Could I go further with my data analysis besides doing anova as mentioned? Or do I simply take the information from the anova table and conclude that the specimen brand significantly influences the deformation and decide on which brands deform more/less from looking at the regression lines?

Additional question: Is the code hereinafter correct to examine residuals?

Code:
lmfit= lm(Deformation~diameter.f + brand.f, dataDeformation)
par(mfrow=c(2,2))
plot(lmfit)
 
Last edited:
#19
Pickle, could you please elaborate on every detail of your study? Statistician experts here might need to know the exact procedures you have used, in order to better understand the design. Please let us know step by step about every detail of your study. What were the specimens? Orthodontic archwires? Implants? Or composite resin block? I see you have talked of "blocks" so I guess it might be some blocks of restorative materials. What was the deformation test? Load deflection? Knoop hardness? Or whatever else? Please also tell us about the procedures of that deforming test, or give some explanatory links. What was the unit of measurement? I would appreciate if you could give a complete image of your experiments with every detail, in a single organized post. The confidential information could be masked or replaced by other names, but we still need to know a lot more about your study. Did you practice that load deflection test on a single point of your each specimen for three times? Or at each time, the point differed? Was the distance between the three points sufficient or the experiment of each point could affect the result of the experiment on the neighboring point?

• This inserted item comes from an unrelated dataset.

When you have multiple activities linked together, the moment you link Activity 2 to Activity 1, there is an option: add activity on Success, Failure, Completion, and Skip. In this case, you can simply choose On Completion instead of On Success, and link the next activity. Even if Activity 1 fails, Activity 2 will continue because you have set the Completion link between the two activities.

Many more details please. Thanks. :)


edit: these are titanium, ok then no Knoop hardness but please tell us more about the tests, materials, etc.

Another question (from Greta): Did you do any measurement in between? Between "forces" and "hits"?

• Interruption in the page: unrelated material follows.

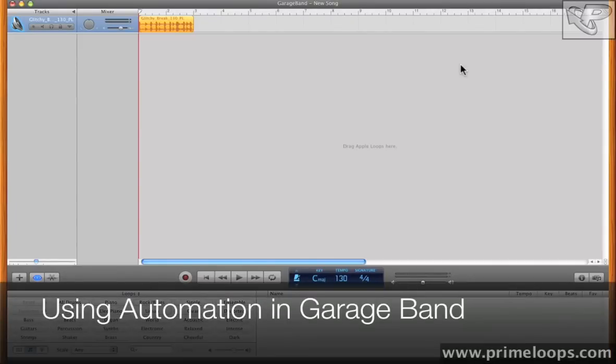Hi, this is Nick from primeloops.com. In our fourth GarageBand video, I'll teach you how to use effects automation.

And another one (again by Greta): Does the block material remain elastic under the maximum force you exerted (120 N force)? Or some permanent shape changes happen in the titanium material after the force reaches one of the loads you applied in your study?
 
#20
The specimens were dental implants. The deformation was measured with an optical method resulting in numbers that a software eventually turns into microns (unit of measurement). The loading device was a vertical press unit combined with a digital dynamometer that detected the force applied. Upon activating the loading device, it would press down on a dental implant. Each specimen (brand) was mounted in the same way so that the pressure was always applied to the same part of the dental implant, so there were no multiple points, and the testing conditions were the same for all brands. Each brand was deformed at 20 Newtons, 30 N, 40 N, and so on, and upon finishing the whole series everything was disassembled and assembled again to repeat the measurements (3 times altogether) so that I can calculate a mean deformation for every amount of force applied to a specific brand.
Thank you for asking for more info about my research, and your willingness to help. I hope that I provided at least a few useful pieces of information and did not talk rubbish as much.